Ahmad menjelaskan bahwa GDF dirancang sebagai mekanisme pendanaan strategis untuk membangun kembali infrastruktur dan layanan sosial, seperti rumah sakit, sekolah, pasar, masjid, hingga fasilitas publik lainnya. Dana akan dikelola dalam dua skema, yakni Endowment Fund (Dana Abadi) dan Non-Endowment Fund.
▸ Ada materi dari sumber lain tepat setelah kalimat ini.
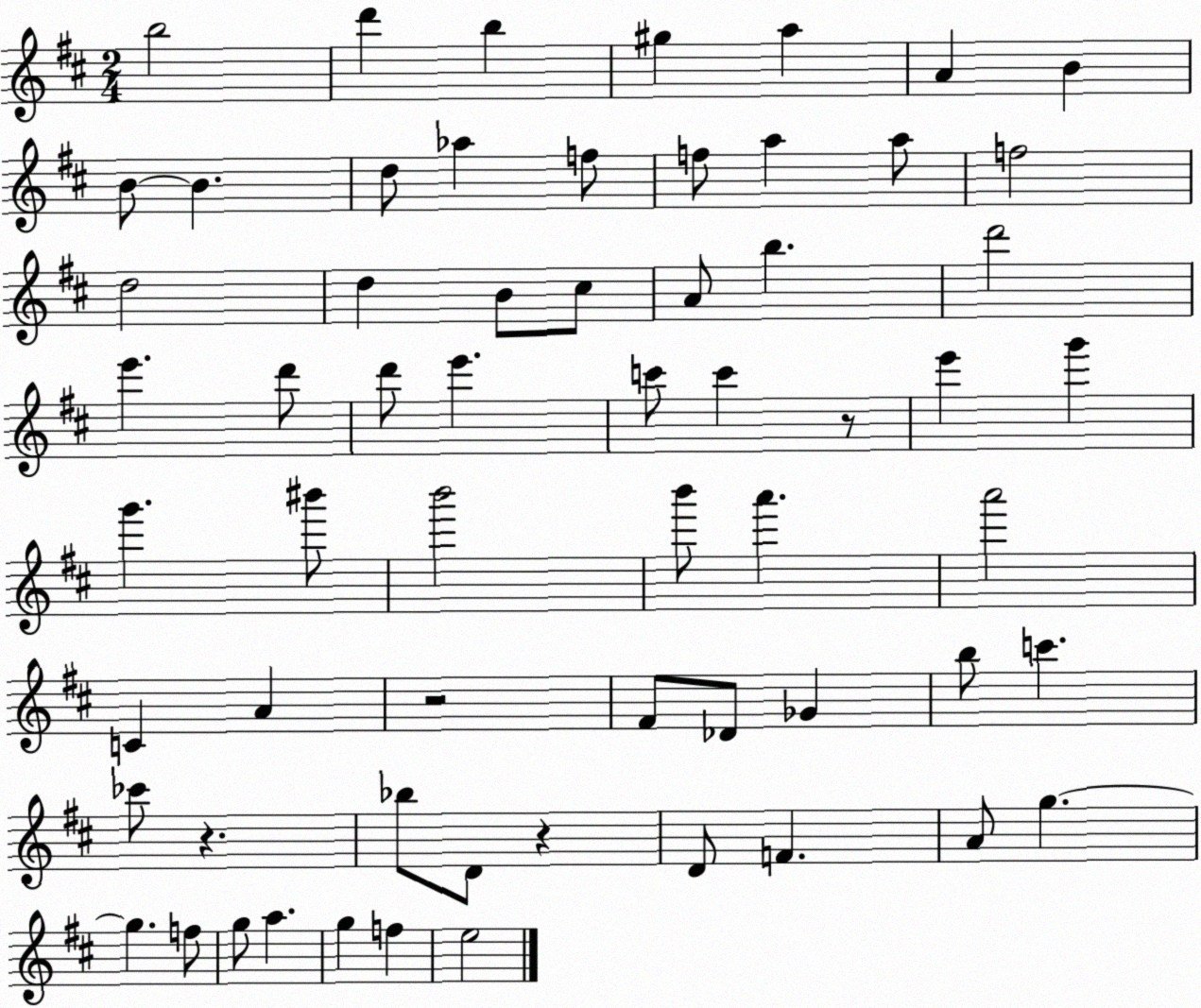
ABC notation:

X:1
T:Untitled
M:2/4
L:1/4
K:D
b2 d' b ^g a A B B/2 B d/2 _a f/2 f/2 a a/2 f2 d2 d B/2 ^c/2 A/2 b d'2 e' d'/2 d'/2 e' c'/2 c' z/2 e' g' g' ^b'/2 b'2 b'/2 a' a'2 C A z2 ^F/2 _D/2 _G b/2 c' _c'/2 z _b/2 D/2 z D/2 F A/2 g g f/2 g/2 a g f e2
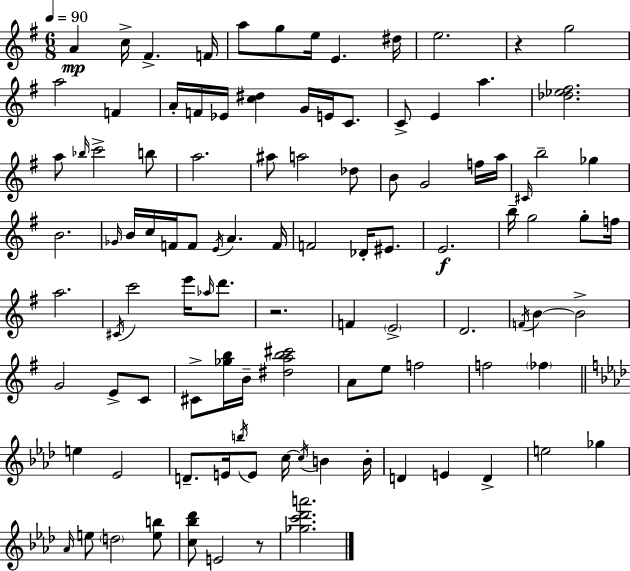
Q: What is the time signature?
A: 6/8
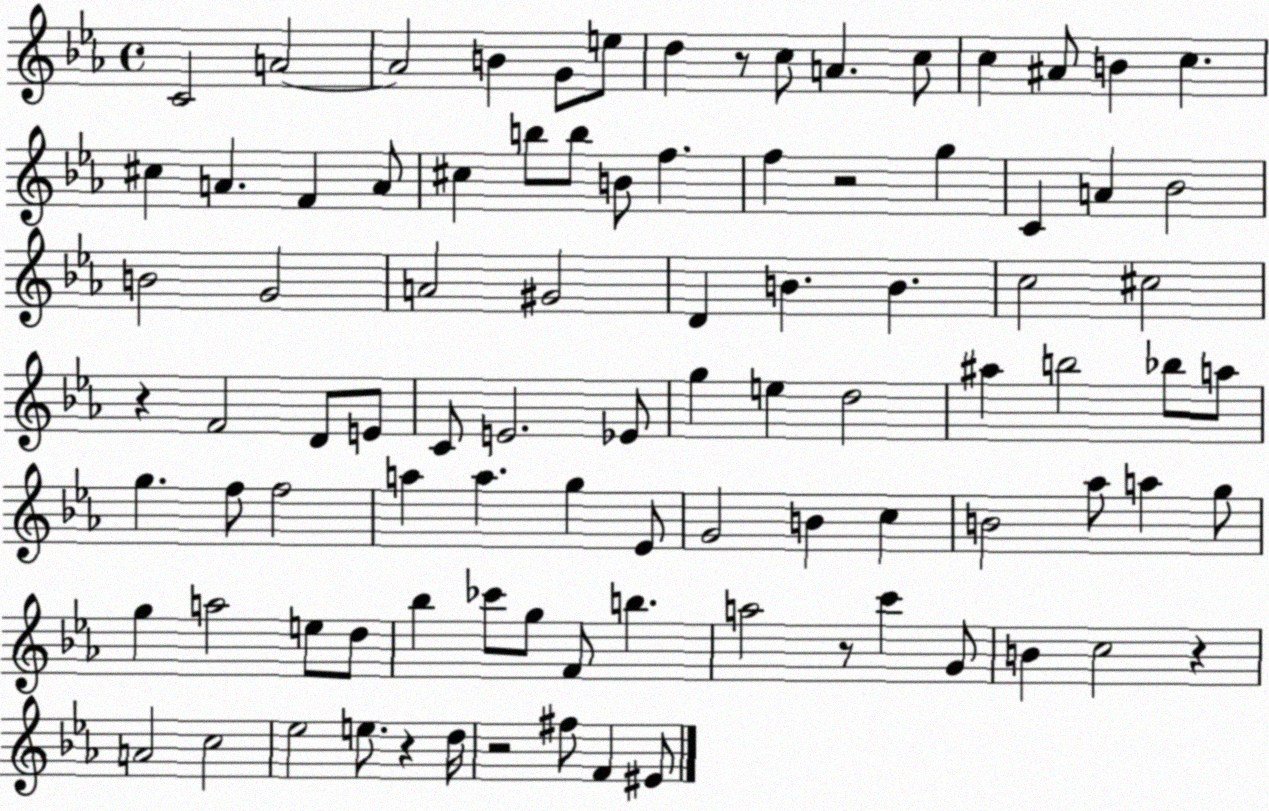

Dana abadi bersumber dari wakaf produktif dengan target hasil investasi minimal 6% per tahun untuk menjadi sumber pembiayaan tetap pembangunan Gaza. Sementara itu, Non-Endowment Fund berasal dari Zakat, Infak, Sedekah (ZIS), CSR, dan donasi publik yang dapat langsung dimanfaatkan untuk pemulihan jangka pendek dan menengah. “Setelah ini tentu kita harus perkuat sinergi dengan semua lembaga yang terlibat maupun yang peduli Palestina, lingkup nasional dan internasional,” ujar Ahmad Juwaini.
Dalam sesi yang sama, Ambassador Global Alliance of Humanity Solidarity for Palestine Yuli Mumpuni Widarso menyerukan bahwa diplomasi total atau total diplomacy untuk memperkuat solidaritas Asia Pasifik. Sementara akademisi Maimon Herawati dan perwakilan Malaysia, Fauziah Abd Hasan, menekankan pentingnya akses dan penguatan literasi serta ruang kreativitas bagi anak muda dalam gerakan kemanusiaan untuk Palestina.
Baca Juga
Dompet Dhuafa Salurkan 220 Paket Pangan untuk Pengungsi Gaza di Yordania
Sekretaris Jenderal MUI Amirsyah Tambunan menutup konferensi dengan apresiasi terhadap kontribusi Dompet Dhuafa yang konsisten memperjuangkan nilai kemanusiaan secara inklusif.
Konferensi ini digelar oleh Majelis Ulama Indonesia (MUI), BKSAP DPR RI, Global Coalition for Al-Quds and Palestine, serta lembaga filantropi lainnya, sebagai tindak lanjut konsolidasi koalisi global di Istanbul. Diharapkan, inisiatif berkelanjutan seperti GDF menjadi fondasi strategis bagi masa depan Palestina yang merdeka dan bermartabat.
Dompet Dhuafa adalah lembaga filantropi Islam yang berkhidmat dalam pemberdayaan kaum dhuafa selama lebih dari 32 tahun melalui lima pilar program: pendidikan, kesehatan, ekonomi, sosial kebencanaan, dakwah dan budaya, serta CSR, dengan tata kelola yang mengedepankan prinsip GCG.